Leaving out every picture, transcribe the lines from the line that contains "Women's leather cowhide" to the end of the entries below, both ends included.
BEGIN INFORMATION SUPPLIED
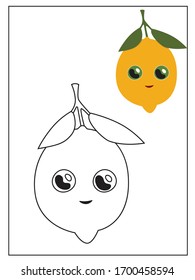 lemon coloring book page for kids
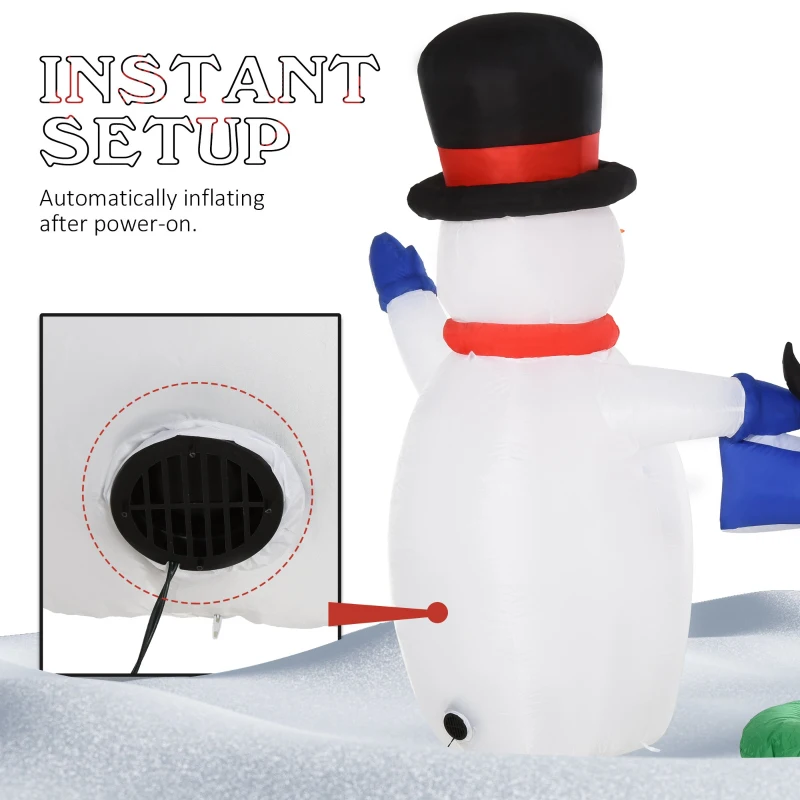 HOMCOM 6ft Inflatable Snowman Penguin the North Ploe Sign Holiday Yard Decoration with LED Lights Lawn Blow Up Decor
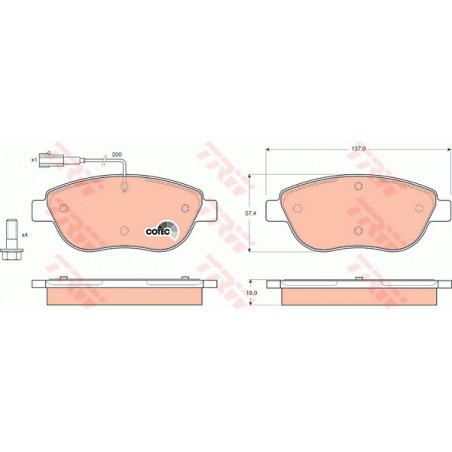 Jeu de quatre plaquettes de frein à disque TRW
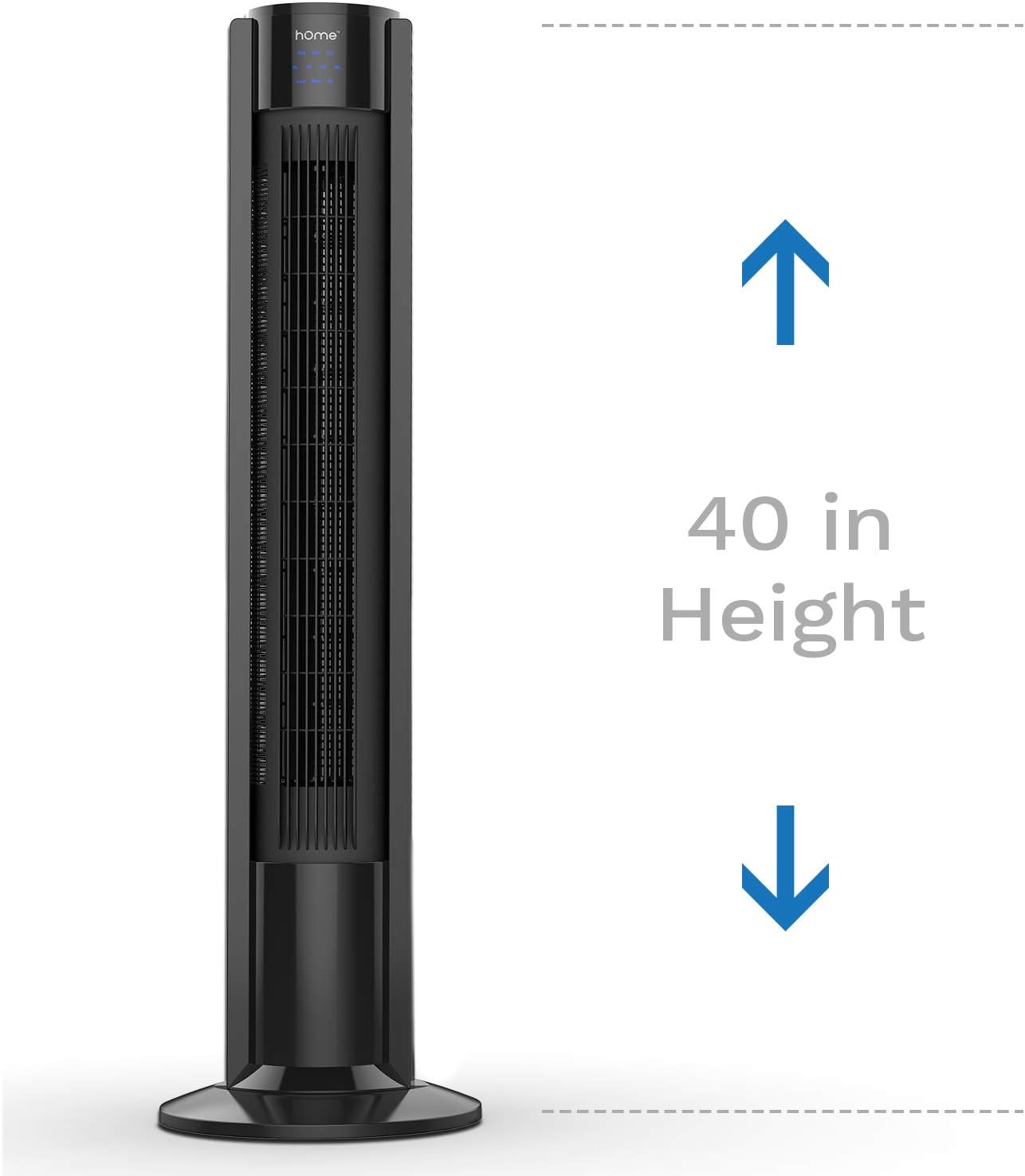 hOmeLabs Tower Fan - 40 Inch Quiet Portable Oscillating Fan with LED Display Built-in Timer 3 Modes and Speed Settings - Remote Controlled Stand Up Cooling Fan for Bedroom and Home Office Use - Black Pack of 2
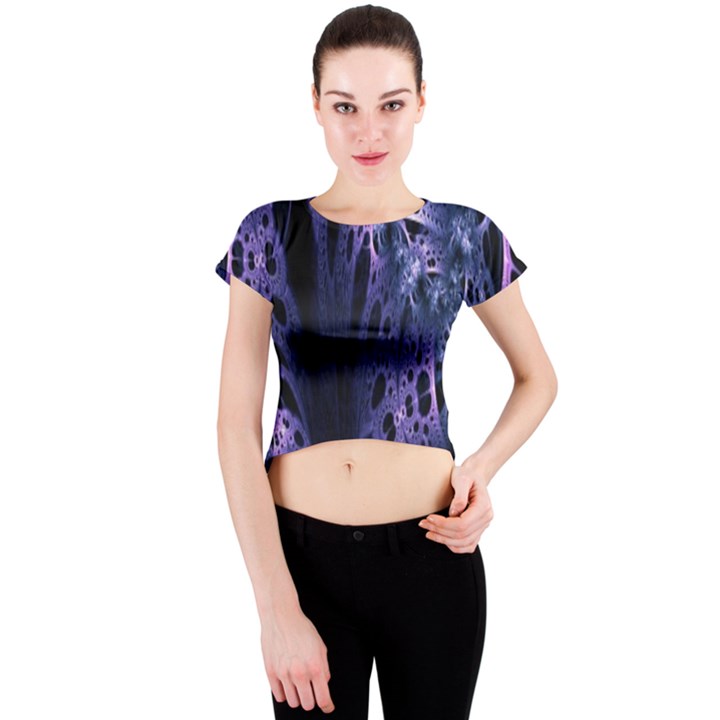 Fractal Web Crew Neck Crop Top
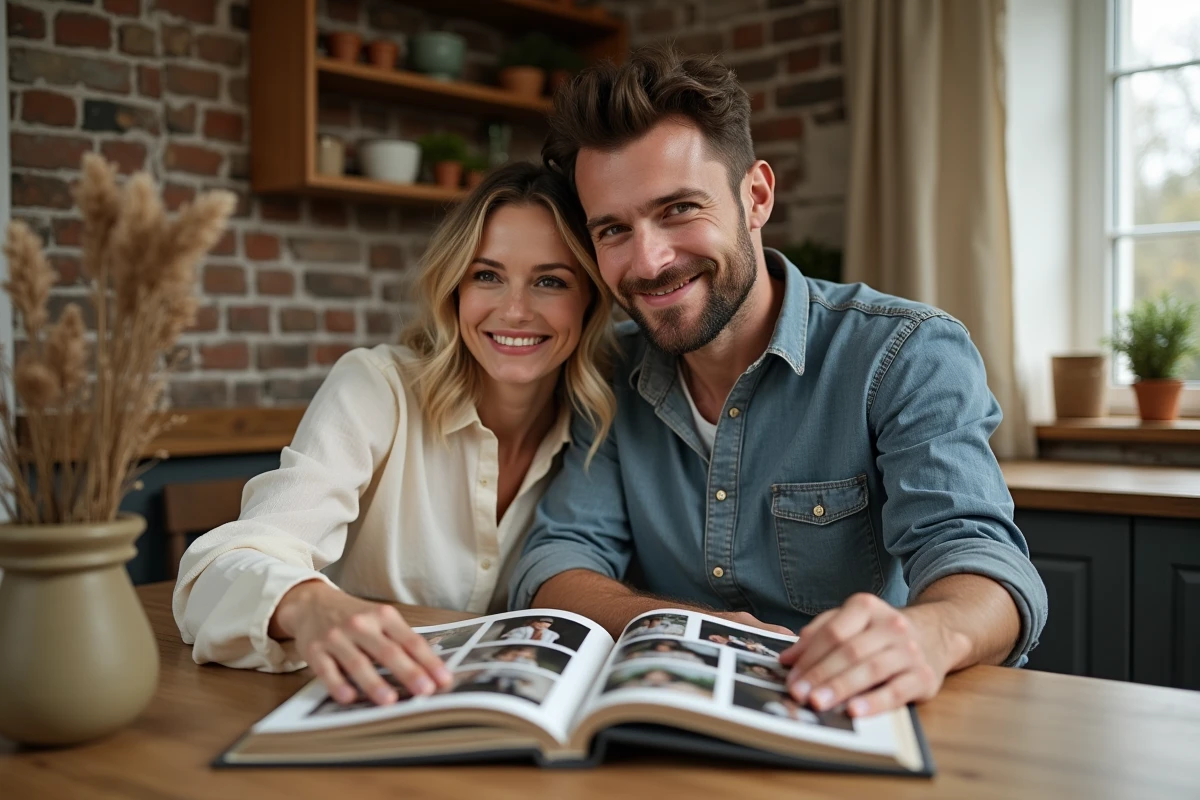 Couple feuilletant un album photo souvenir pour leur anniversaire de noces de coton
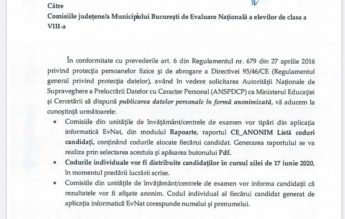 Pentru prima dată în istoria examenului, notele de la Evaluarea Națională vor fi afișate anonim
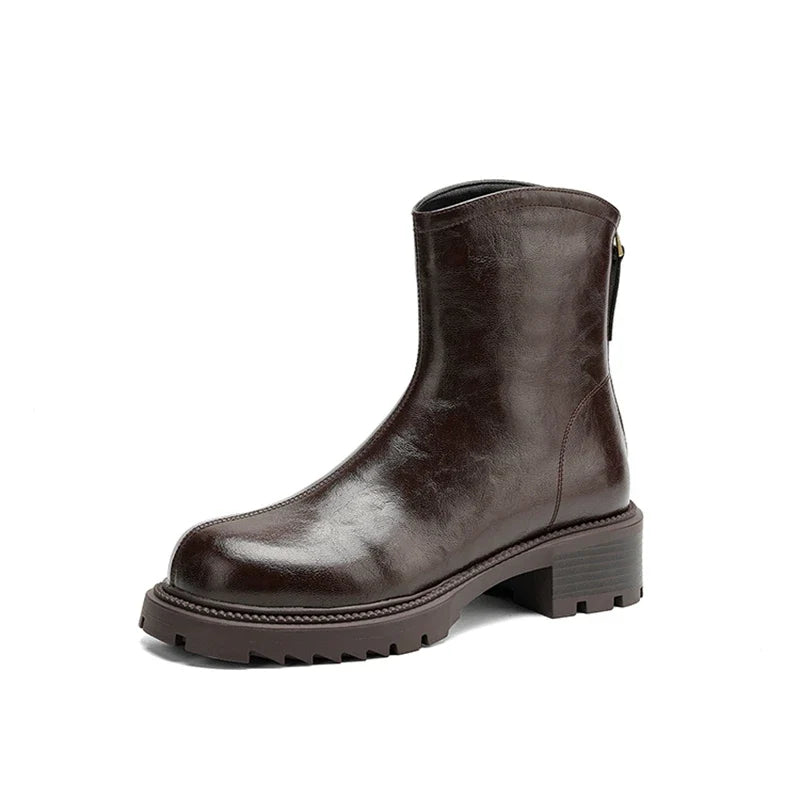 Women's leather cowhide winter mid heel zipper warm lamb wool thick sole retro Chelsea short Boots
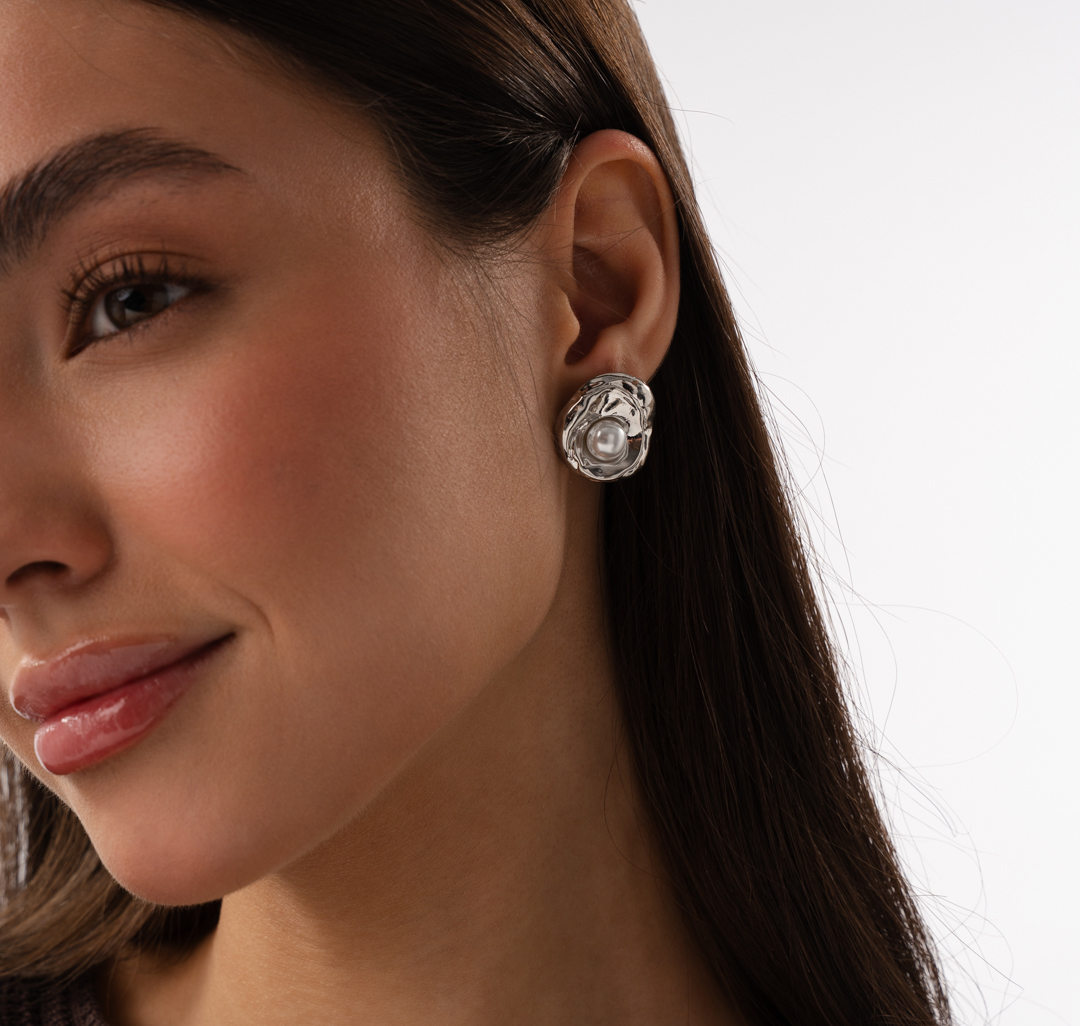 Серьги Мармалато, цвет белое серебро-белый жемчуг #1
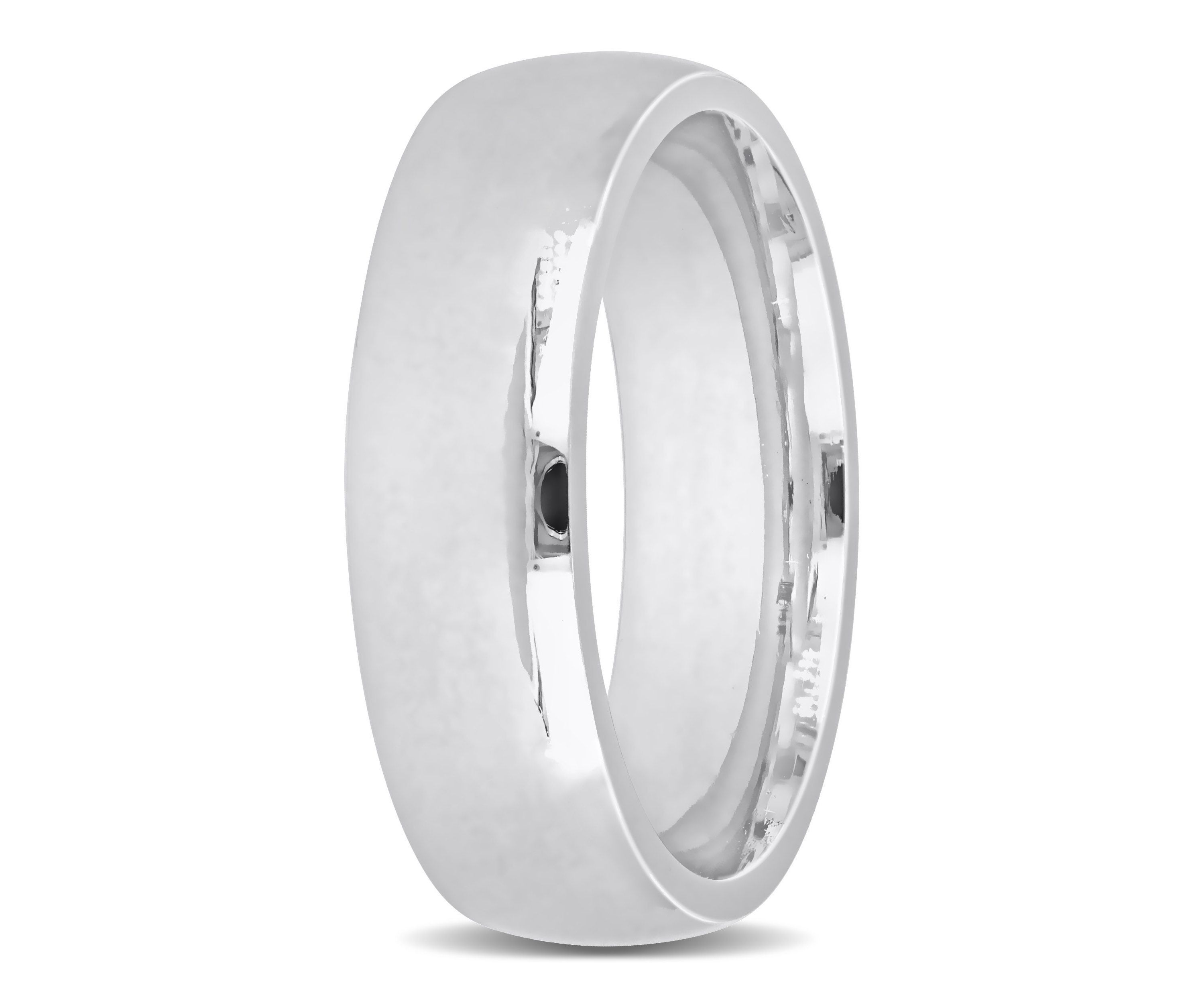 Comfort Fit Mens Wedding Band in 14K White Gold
END INFORMATION SUPPLIED
**TASK RESULT**.
 Women's leather cowhide winter mid heel zipper warm lamb wool thick sole retro Chelsea short Boots
 Серьги Мармалато, цвет белое серебро-белый жемчуг #1
 Comfort Fit Mens Wedding Band in 14K White Gold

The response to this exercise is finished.